Daniel Stickan und Uwe Steinmetz konzertierten in Halls Michaelskirche

Waves, Stickan, Steinmetz - Foto: Kumpf

Text und Fotografien: Hans Kumpf

 Pfeifenorgel mit Saxophon fromm vereint

Als im Jahre 757 im Aachener Dom erstmals eine Orgel erklang, sollen etliche Gemeindemitglieder vor lauter Schreck in Ohnmacht gefallen sein. Heutzutage gehört die Königin der Instrumente längst zum beständigen Inventar der Gotteshäuser – und ein Saxophon im klerikalen Raum regt heutzutage auch niemanden mehr auf. In der Stiftskirche St. Nikolaus der Großcomburg verjazzten allsommerlich der Sopran- und Tenorsaxophonist Uwe Kammerer und der Organist Wolfgang Schröter mit Bedacht und Inbrunst alte Weisen, und in der Haller Michaelskirche spielte schon mehrmals der Stuttgarter Saxophonist Ekkehard Rössle zusammen mit Kurt Enßle. Jetzt lud Kantor Enßle ein anderes „Bläser-Duo“ ein – schließlich ist ja die Pfeifenorgel im Grunde ja auch ein Blasinstrument, das freilich mit Klaviaturen mehrmanualig bedient wird.

„Waves“ („Wellen“) nennt sich die Kleinformation des 1975 in Bremerhaven geborenen Saxophonisten Uwe Steinmetz und des Organisten Daniel Stickan (*1980, Göttingen). Beide können auf profunde Jazzer als Lehrer verweisen  – Steinmetz beispielsweise auf Benny Golson, Michael Brecker und Dave Liebman, Daniel Stickan auf Dieter Glawischnig und Bobo Stenson.

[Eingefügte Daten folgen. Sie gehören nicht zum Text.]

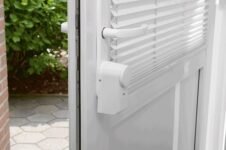 eqiva Cierrapuertas Inteligente Bluetooth, Blanco, 142950A0, 5,5 x 5 x 11,5 cm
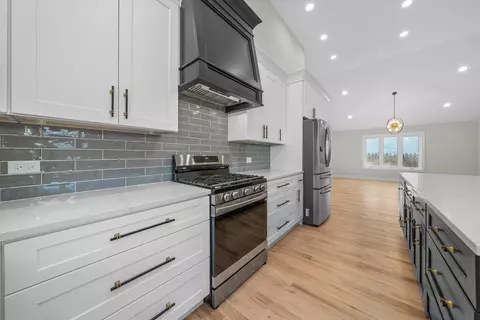 Kitchen - 8620 S 77 Ct, Bridgeview, IL 60455 photo 4 of 4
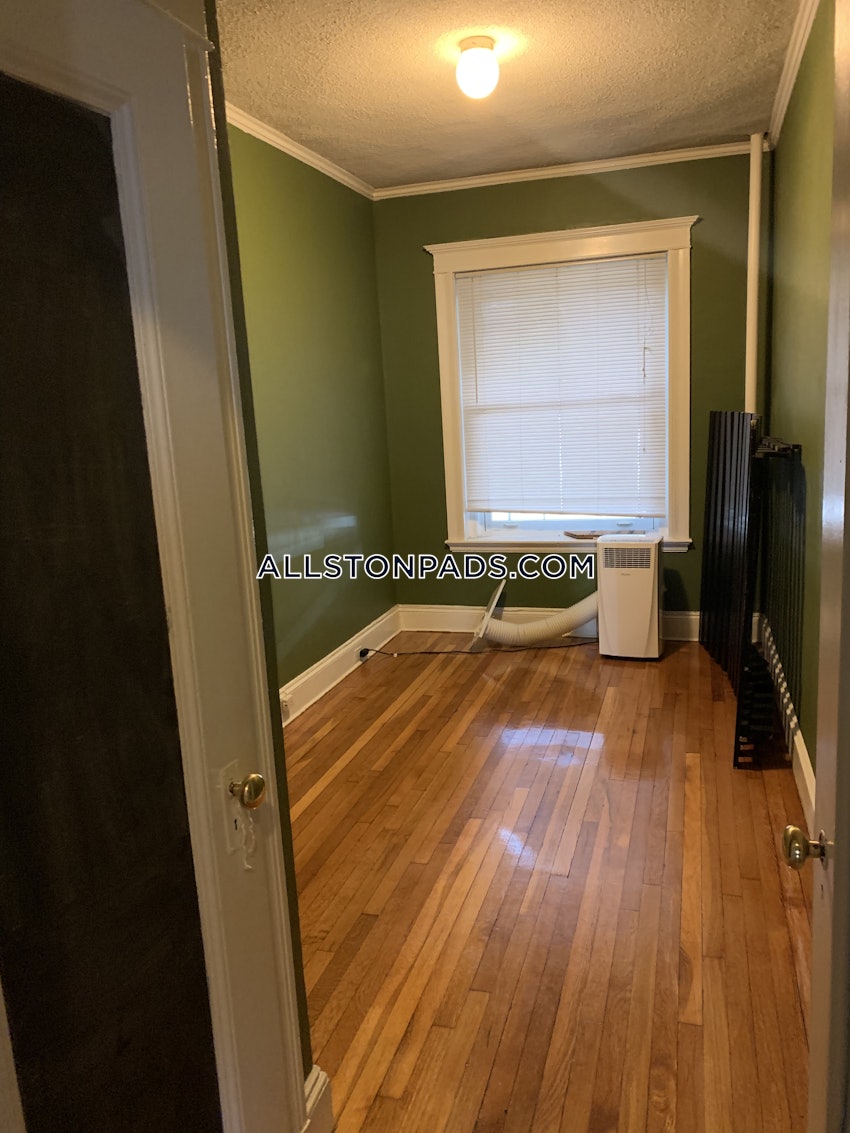 BOSTON - ALLSTON - 2 Beds, 1 Bath - Image 35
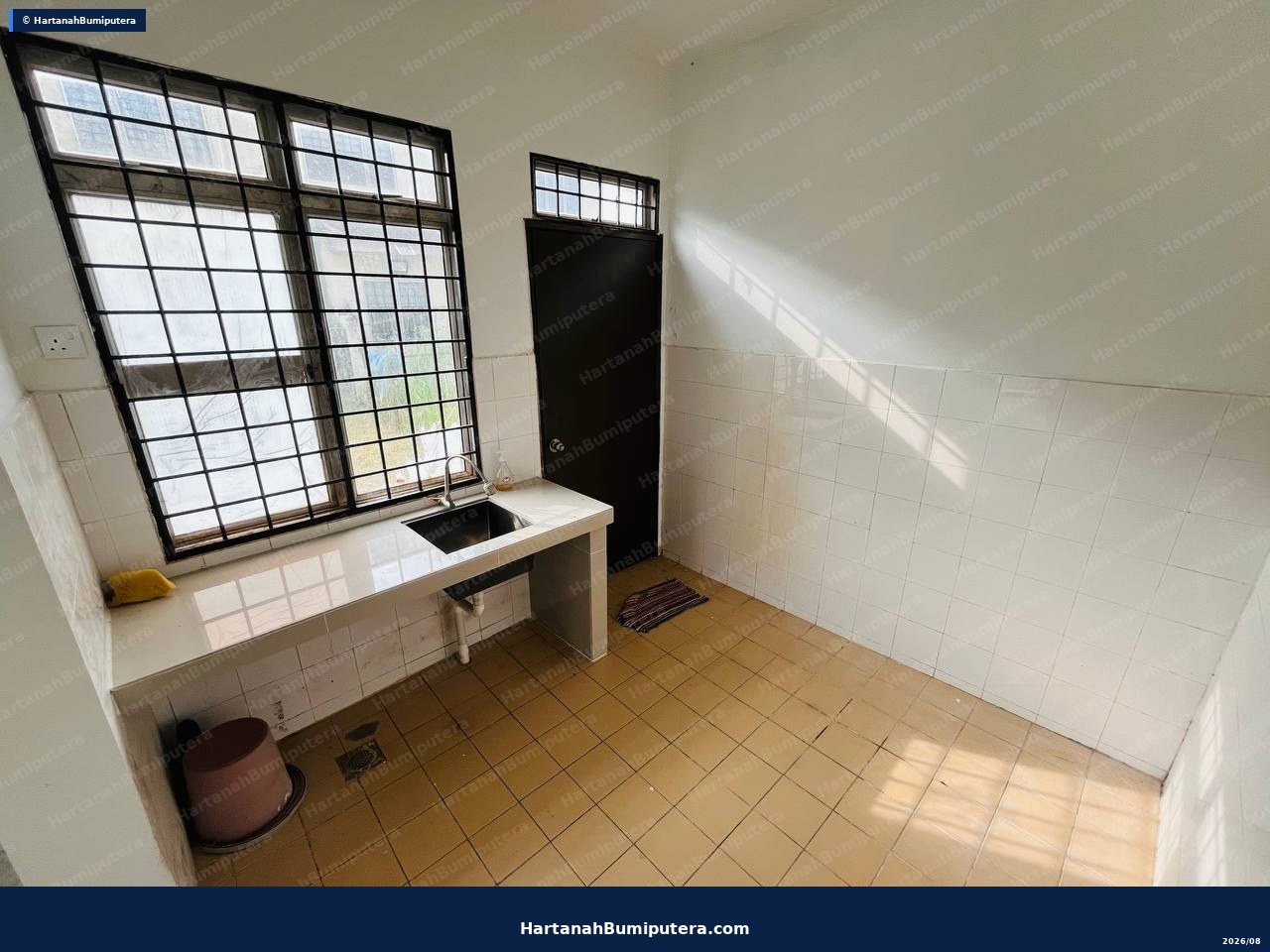 Tiles Newly changed : Semi D Double storey cluster with huge land in Taman Putra Perdana — gambar 17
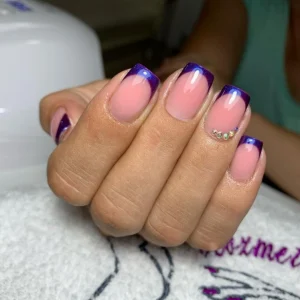 french manicure mit dunklen lila tips ideen für designs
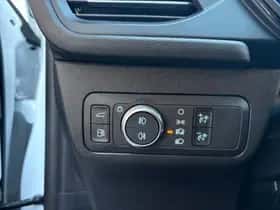 Ford Kuga (2023) thumbnail 14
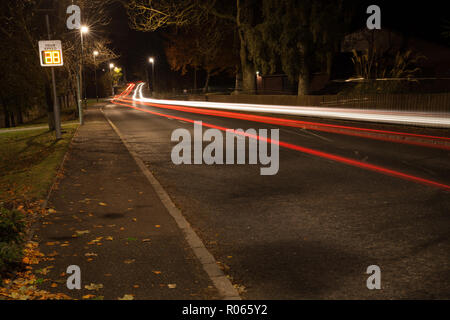 Auto sentieri di luce Foto Stock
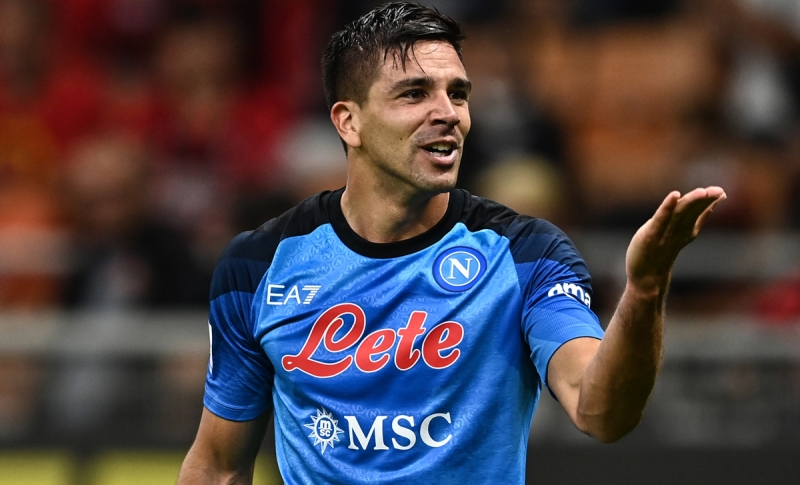 Giovanni Simeone è un nuovo calciatore del Napoli....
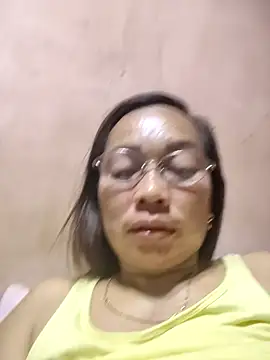 Snapshot of asianwet4u chatting on 12/21/25, 03:08 asianwet4u online show from 12/21/25, 03:08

Freilich: Die Kirchenorgel ist ein schwer „beswingbares“ Instrument, da es doch eine geraume Zeit dauert, bis nach dem Tastendruck der Ton in der Pfeife richtig anspricht und somit schnelle präzise Rhythmen verunmöglicht werden. Aber schließlich ließen sich schon viele exzellente Jazzmusiker auf der Kirchenorgelbank nieder – angefangen von Fats Waller über George Gruntz und Hans-Günther Wauer bis zu Barbara Dennerlein und Jasper van’t Hof.

Dieses Duo stützt sich allerdings auf viel Notenmaterial, vorwiegend aus eigener Feder. Bei „Mondwald“ zaubert Uwe Steinmetz eine friedliche Naturidylle von Fauna und Flora, bevor er auf dem Sopransaxophon den Choral „Der Mond ist aufgegangen“ intoniert. Die Orgel unterlegt das bekannte Abendlied (nach den Worten von Matthias Claudius) schließlich mit neuer Harmonisierung. Fragend und ziemlich abrupt endet die Komposition „Mondnacht“.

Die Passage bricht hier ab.